───── Supplied material ─────
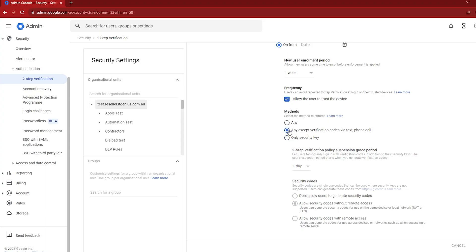An important note: you probably want to switch on radio button number two, which is to disallow text-based authentication and phone call-based authentication. Unfortunately, people who are so sophisticated at breaking into accounts — especially if you're a business owner — if they have your identity, they will call your telecommunications provider, pretend to be you, port your number to a new SIM card, and they're into your account. It's not that difficult to do.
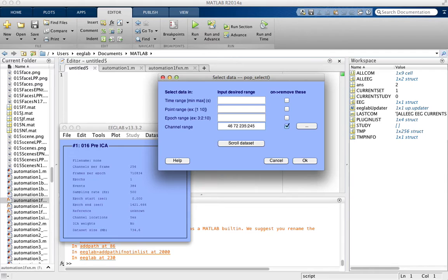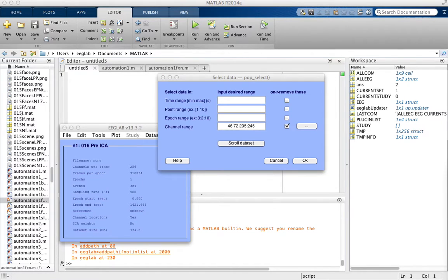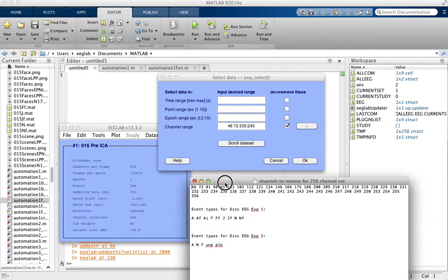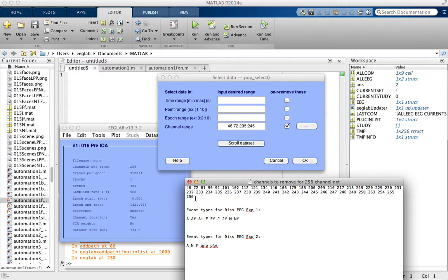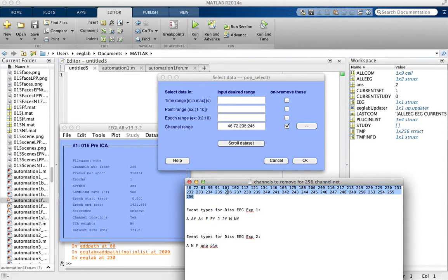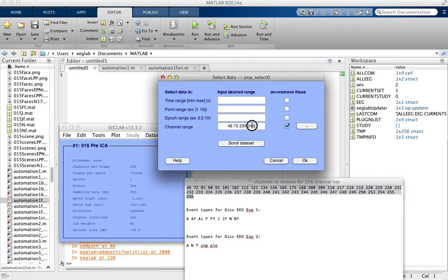Also, we have a text file on the computers that's called Channels to Remove for the 256 ChannelNet. It's just a .txt file. And it has this is the list of channels that we want to remove. And you can just copy and paste that right into there.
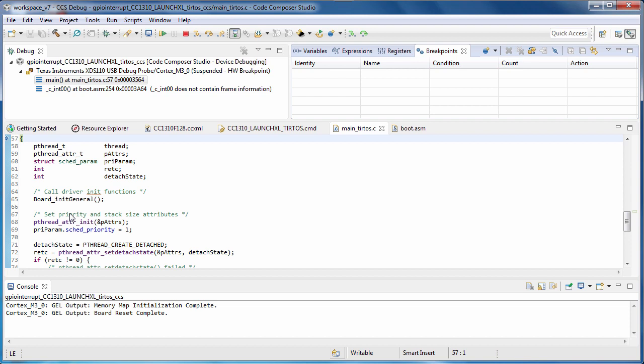When you're finished with the debug session, click on the terminate button. This will shut down the debugger and return to the edit perspective.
─────
Everything in the listing, except its images, should be set down exactly.

An important note: you probably want to switch on radio button number two, which is to disallow text-based authentication and phone call-based authentication. Unfortunately, people who are so sophisticated at breaking into accounts — especially if you're a business owner — if they have your identity, they will call your telecommunications provider, pretend to be you, port your number to a new SIM card, and they're into your account. It's not that difficult to do.
Also, we have a text file on the computers that's called Channels to Remove for the 256 ChannelNet. It's just a .txt file. And it has this is the list of channels that we want to remove. And you can just copy and paste that right into there.
When you're finished with the debug session, click on the terminate button. This will shut down the debugger and return to the edit perspective.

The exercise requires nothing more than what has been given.